湯浅健二の「J」ワンポイント
- 2014年Jリーグの各ラウンドレビュー
- 第29節(2014年10月22日、水曜日)
- リーグ終盤の「紆余曲折」が楽しみだ・・(レッズvsヴァンフォーレ、 0-0)
- レビュー
-
- そのとき、息を呑み込み、フリーズした。
後半のロスタイム。
レッズ守備の誰も追いつけない程のスーパースプリンター、クリスティアーノが、一発カウンターから、那須大亮をブッちぎってフリーシュートをブチかましたんだよ。
レッズファンの誰もがフリーズするのも当然だった。
そのとき私は、瞬間的に、ブラジルW杯ファイナルの後半立ち上がりに、スッと抜け出したメッシにスルーパスが通り、彼が、まったくフリーで左足シュートを放ったシーンを思い出した。

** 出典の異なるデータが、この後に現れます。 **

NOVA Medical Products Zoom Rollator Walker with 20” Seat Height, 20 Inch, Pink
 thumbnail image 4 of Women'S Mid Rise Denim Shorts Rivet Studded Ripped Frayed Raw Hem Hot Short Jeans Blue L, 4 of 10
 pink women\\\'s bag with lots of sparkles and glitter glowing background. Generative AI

そう、誰もが、「コトが起きる」のを覚悟した瞬間。でも・・
そう、このメッシのシュートも、前述のクリスティアーノ同様に、ゴールを外れていったんだ。
とはいっても、この、「同じように」見える二つの現象の背景に潜むコノテーション(言外に含蓄される意味)は、チト違う。
ヴァンフォーレ甲府を担当しているエキスパートジャーナリストの方が言っていた。あっと・・、城福浩監督も、異口同音ニュアンスの内容をコメントしていたっけ。
そう、今シーズンのクリスティアーノが、チャンスを順当に決めていれば、チームは、こんなポジションにはいない・・。
フムフム・・
それに対してメッシ。
あのシュート状況は、まさに、彼の十八番だったんだよ。誰も、彼がシュートミスをするなんて思ってもみなかった。そんなメッシが、シュートを外した。
ということで、この二つの絶対的シュートシーンが内包する意味合いは(そのシーンが外部に放散する期待コンテンツは!!)まったく違ったっちゅうことだね。
メッシの場合は、完璧なゴール「だけ」がイメージされていた。それに対してクリスティアーノの場合は、チーム全体が不安に包まれた・・っちゅうわけだ。
フ〜ッ・・
とにかく私は、クリスティアーノの絶対的チャンスが内包する「何か」を感じていたんだ。
だから、城福浩監督とミハイロに、同じ質問を投げた。
城福さんには、「レベルを超えた勝負師、城福浩がイメージしつづけ、待ちつづけた瞬間が訪れた・・それは至福の瞬間だったはずだが・・?」ってね。
そしたら、こんなニュアンスの内容をコメントしてくれたっけネ。曰く・・
・・クリスティアーノは、ゲーム展開の勝負所で、あのように使うつもりだった・・そしてイメージ通りのチャンスを作り出せた・・でも、オレの仕事はチャンスを作り出すのをお膳立てするところまでなんだよ・・そして、そのチャンスを決めるのが彼の仕事っちゅうわけだ・・
まあ、彼が言わんとすることはよく分かった。
そりゃ、あんなビッグチャンスを外すんだから、アタマにも来るだろうし、クリスティアーノが抱える根深い課題にも取り組まなきゃいけないわけだからね・・。
とにかく・・
めくるめく歓喜と、奈落の失望が、限界まで交錯しつづけるサッカーの面目躍如ってなシーンではあった。
余談だけれど・・
まだ奥寺康彦が在籍していた当時のヴェルダー・ブレーメンでのこと。監督は、「あの」オットー・レーハーゲル。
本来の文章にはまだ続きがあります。